The Government’s proposed international student levy could mean a £1.8 billion loss to the economy in the first year alone, analysis has suggested.

A report by policy consultancy Public First has estimated nine out of 12 regions in the UK would face a wider loss of more than £100 million in the first year of a levy because of the likely loss in international students.

The impact would be largest in London, at £480 million, followed by Scotland (£197 million) and then the South East (£163 million).

The 10 parliamentary constituencies most affected by the proposed levy would lose an average of £40 million in gross value added (GVA), modelling suggests.

Holborn and St Pancras is estimated to face the biggest loss at £72 million, followed by the cities of London and Westminster (£57 million), and then Coventry South (£44 million).

  1. Greater London – £480 million
  2. Scotland – £197 million
  3. South East – £163 million
  4. West Midlands – £141 million
  5. North West – £139 million
  6. Yorkshire and the Humber – £134 million
  7. East of England – £120 million
  8. East Midlands – £115 million
  9. South West – £102 million
  10. North East – £87 million
  11. Wales – £64 million
  12. Northern Ireland – £42 million

Of the 50 most impacted constituencies, 37 are held by Labour, researchers said.

Mark Hilton, policy delivery director at Business LDN, said: “At a moment when the Government is rightly making growth its number one mission, a new higher education levy will hit one of our key export sectors to the tune of hundreds of millions of pounds.

“This levy would mean further cuts across universities in London and across the UK when they are already financially stretched, with world-leading research programmes a likely casualty.”

Earlier this week, Public First said 16,100 international students in the first year, and more than 77,000 in the first five years, could be deterred by a raise in university fees to cover the cost of levy contributions.

This could result in 33,000 fewer places in the first year of a levy for domestic students because of how international fees cross-subsidise domestic fees, findings suggest, growing to 135,000 across five years.

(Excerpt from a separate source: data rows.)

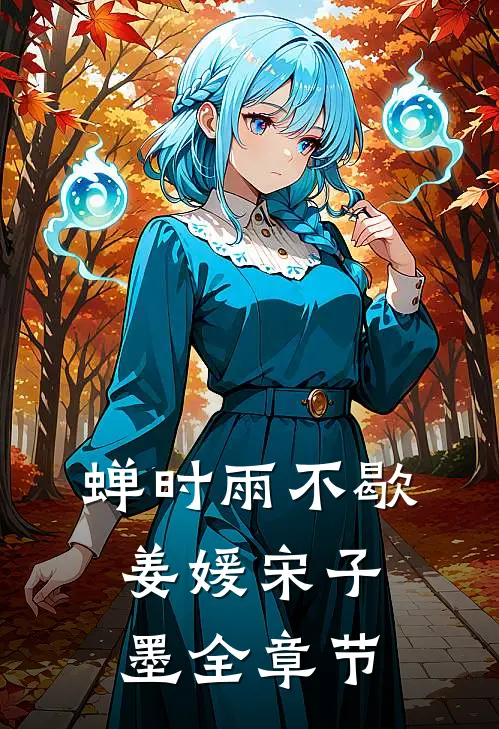 一眼动情，矜贵大佬甘愿为她折腰全章节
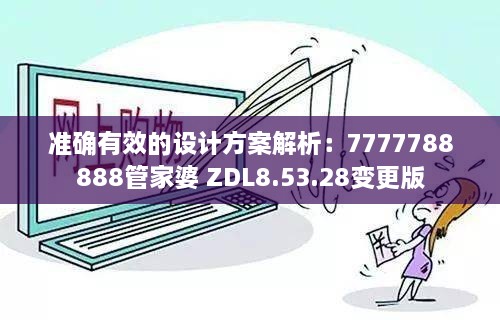 準(zhǔn)確有效的設(shè)計方案解析：7777788888管家婆 ZDL8.53.28變更版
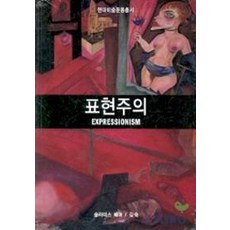 입체주의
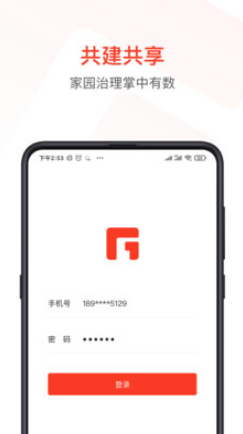 数治家园app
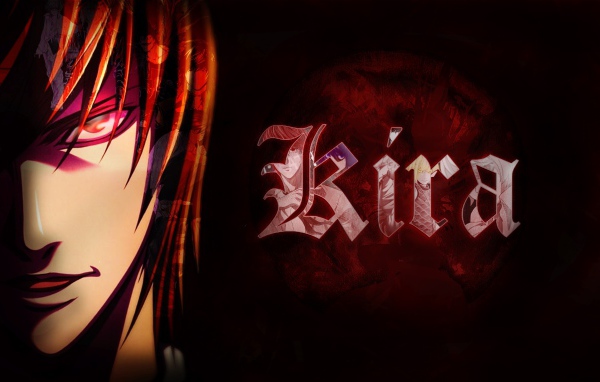 Персонаж Кира из аниме Тетрадь смерти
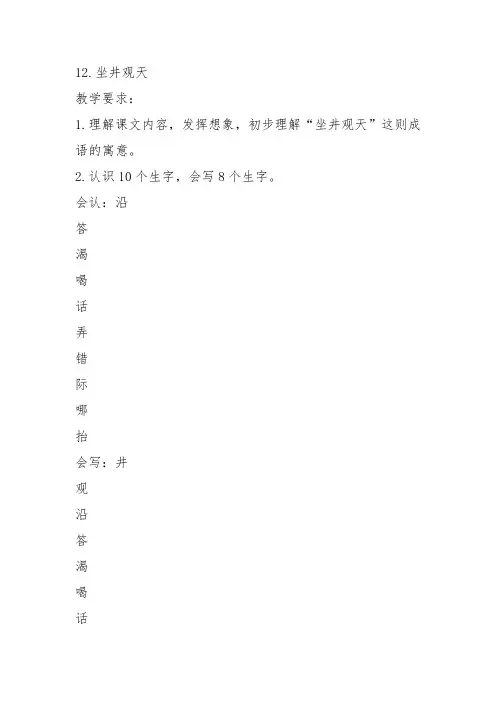 部编二年级上语文《12 坐井观天》张金凤教案PPT课件 一等奖新名师优质课获奖比赛公开人教五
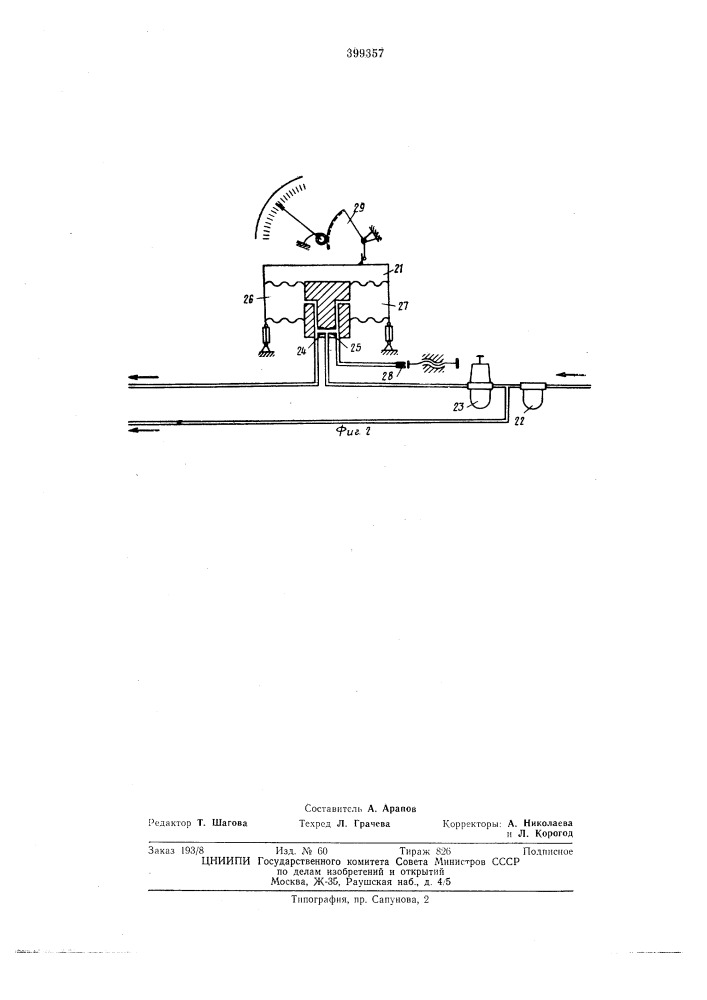 Устройство для активного контроля при наружном круглол\ шлифовании (патент 399357)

Henri Murison, chief executive of the Northern Powerhouse Partnership and chairman of the Growing Together Alliance, said: “The international student levy is opposed by all of England’s major regional employer organisations, from the west of England to Cambridge and the central south to the North West, because the resulting decline in international students would be hugely damaging to all the regions of the country.

“In the north alone, constituencies including Manchester Rusholme, Leeds Central, Sheffield Central and Newcastle upon Tyne Central and West would lose around or significantly more than £30 million of GVA apiece alongside seats in Scotland, the West Midlands and London.”

CBI Yorkshire and Humber regional director Beckie Hart said the impact of a levy would go “far beyond lost tuition fee income” as regions see a hit to the spending and tax contributions international students would have made in local businesses.

The impact of fewer international students could see the UK economy lose £2.2 billion in international fee income alone in the first five years, the report, which was commissioned by a consortium of universities, found.

Jonathan Simons, report author and partner at Public First, said the impact of a levy on international student numbers “will hit our universities, around 40% of whom are already in deficit, and that could lead to a further loss of jobs, a loss of university places for UK students and a loss of vital research investment.”

Vivienne Stern, chief executive of Universities UK, said the findings “raise further concern with possible proposals for an international student levy and show the multi-billion pound hit to the economy which could be felt as a result”.

“The report is also a reminder of the importance of international students to high streets, workplaces and campuses across the country,” she added.

The Government’s immigration white paper, published in May, said ministers would explore introducing a levy on higher education income from international students.

Current proposals are understood to be looking at a 6% levy on universities’ income on international students.

After the white paper was published, which also said the Government would reduce graduate visas to 18 months, sector leaders warned the plans could deter international students from coming to the UK and exacerbate financial challenges for universities.

A Government spokesperson said: “This Government is determined to ensure that investment in our higher education and skills system is more widely shared, and its contributions felt throughout our communities.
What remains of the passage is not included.